Over a millenia Lisbon has been a port city. Importing and exporting delicacies from all around the known world. The saying goes, if it aint broke dont fix it. In Portuguese it must have translated to, if it aint broke, use it everyday, all the time and be sure to include ways you never thought possible - this is the story of 'Bacalhau.' A traditional and mainstay Portuguese dish of codfish, lightly fried in olive oil with onions and usually served with home fried potatoes.
I never imagined fish would taste like anything other than fishy, slimy, fish. Every dish of bacalhau can have a surprise of flavor. The taste possibilities are endless with over 350 known preparations.
Bacalhau tastes like an old woman belting a fado ballad, textures fusing together, telling a sad, beautiful story to your mouth.
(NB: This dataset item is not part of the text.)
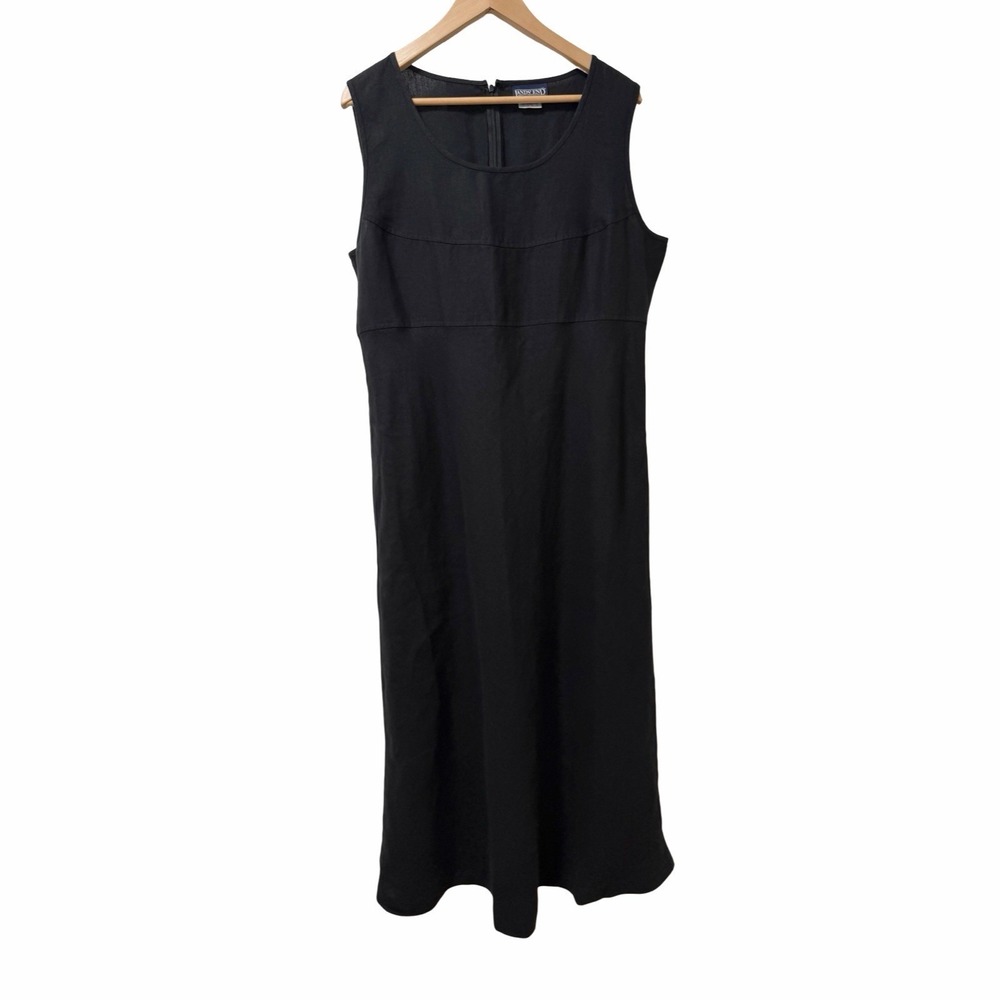 Lands End Womens 100% Linen Maxi Sleeveless Dress‎ Size 18 Black Coastal Capsule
Anywhere you order Bacalhau is going to lay claim to its' in house recipe as being the best.
When purchased at the local market, just look for the aisle with crusty fish carcasses adorning the tables and shelves. The indeterminable shelf life, probably help to keep distributors pricing of this staple low. If one were to peek inside a Lisboetas' shopping basket you would probably see a bottle or two of regional wine, a salted codfish probably two, a loaf of fresh baked bread and a small bag of varietal fruits and veggies.
The Portuguese love their bacalhau so much, that when the country has a shortage they will just import it from places like Norway or Northeastern Canada.
Everyone knows it is not fresh fish! But, with Portuguese culinary magic, this dried, salted, aged, soulful masterpiece of cod is reincarnated nightly onto the majority of plates across the country.